Radiant systems are a great alternative to forced air systems
Radiant heating systems supply heat directly to the floor of a house. The systems depend largely on radiant heat transfer — the delivery of heat directly from the hot surface to the people and objects in the room via infrared radiation. Radiant heating is the effect you feel when you can feel the warmth of a hot stovetop element from across the room. When radiant heating is located in the floor, it is often called radiant floor heating or simply floor heating.
Radiant heating has a number of advantages. It is more efficient than baseboard heating and usually more efficient than forced-air heating because it eliminates duct losses. People with allergies often prefer radiant heat because it doesn’t distribute allergens like forced air systems can. Hydronic (liquid-based) systems use little electricity, a benefit for homes off the power grid or in areas with high electricity prices. Hydronic systems can use a wide variety of energy sources to heat the liquid, including standard gas- or oil-fired boilers, wood-fired boilers, solar water heaters, or a combination of these sources.

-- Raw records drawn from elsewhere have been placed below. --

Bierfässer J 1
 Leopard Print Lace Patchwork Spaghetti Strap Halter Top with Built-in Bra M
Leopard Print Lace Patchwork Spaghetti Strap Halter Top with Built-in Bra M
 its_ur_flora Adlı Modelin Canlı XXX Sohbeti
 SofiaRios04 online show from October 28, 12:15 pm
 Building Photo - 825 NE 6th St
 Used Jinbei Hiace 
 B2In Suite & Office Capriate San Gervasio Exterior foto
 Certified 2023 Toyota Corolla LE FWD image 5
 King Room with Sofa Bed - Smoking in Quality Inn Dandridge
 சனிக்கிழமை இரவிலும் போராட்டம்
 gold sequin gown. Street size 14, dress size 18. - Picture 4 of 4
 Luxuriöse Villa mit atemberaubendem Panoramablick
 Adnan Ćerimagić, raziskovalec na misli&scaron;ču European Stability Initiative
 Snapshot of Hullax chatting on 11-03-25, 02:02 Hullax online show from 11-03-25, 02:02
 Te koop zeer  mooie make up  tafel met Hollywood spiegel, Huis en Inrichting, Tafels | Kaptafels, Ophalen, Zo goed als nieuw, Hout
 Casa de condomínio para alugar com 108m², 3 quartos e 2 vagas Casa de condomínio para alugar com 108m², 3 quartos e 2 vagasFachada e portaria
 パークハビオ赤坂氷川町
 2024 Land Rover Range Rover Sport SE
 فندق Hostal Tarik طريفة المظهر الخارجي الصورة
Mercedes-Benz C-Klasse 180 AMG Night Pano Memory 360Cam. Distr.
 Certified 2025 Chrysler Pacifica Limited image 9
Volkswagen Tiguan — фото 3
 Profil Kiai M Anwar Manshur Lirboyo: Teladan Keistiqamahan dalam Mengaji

Despite its name, radiant floor heating depends heavily on convection, the natural circulation of heat within a room as air warmed by the floor rises. Radiant floor heating systems are significantly different from the radiant panels used in walls and ceilings. For this reason, the following sections discuss radiant floor heat and radiant panels separately.
Radiant Floor Heat
Hydronic (liquid) systems are the most popular and cost-effective radiant heating systems for heating-dominated climates. Hydronic radiant floor systems pump heated water from a boiler through tubing laid in a pattern under the floor. In some systems, controlling the flow of hot water through each tubing loop by using zoning valves or pumps and thermostats regulates room temperatures.